About a month ago, I decided to participate in the NancyFx open-source project. I downloaded the code, read the documentation, and set up a few demos to experience the framework for myself. It was very interesting, but when I knew enough and was ready to start contributing code, I was no longer motivated. I felt no connection with the items that were on the issues and to-do list.
Reflecting on why I lost interest, I recall someone’s remark that an essential criterion in choosing an open-source project to contribute to was the value it represented for the person. Perhaps, I failed to launch with NancyFx because I did not have to use it on a daily basis and would not enjoy any return for my effort.
I wanted to join an open-source project, to begin with, because I felt that I was consuming too much and was not giving back enough. But, in hindsight, I see several occasions when I have contributed to open-source.
I implemented support for MSTest 2005 in MbUnit when it only supported MSTest 2008; I submitted custom controls to wxWindows; I wrote articles for, submitted bug reports to, and participated in discussions for JPOX; I was very active on the RIFE mailing list; and, I initiated an open-source project to implement an artificial neural network in PHP.

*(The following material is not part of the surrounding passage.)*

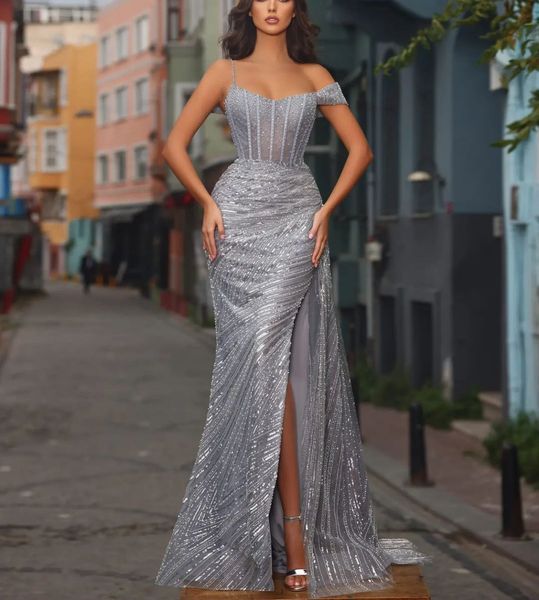 sparkly mermaid prom dresses sleeveless bateau neck straps appliques sequins floor length celebrity side slit evening dress bridal gowns plu, Black
sparkly mermaid prom dresses sleeveless bateau neck straps appliques sequins floor length celebrity side slit evening dress bridal gowns plu, Black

All these contributions started from something that I needed but that would also be useful to the community. Giving back these small bits felt natural. On the other hand, what happened in my attempt to join NancyFx was that I was forcing it onto myself.
I guess what I am trying to say is that nobody should feel compelled to give back to open-source. Just using the software produced by the community, I suppose, is an acknowledgment and appreciation of their effort. When the time comes for you to contribute something, it will just happen naturally.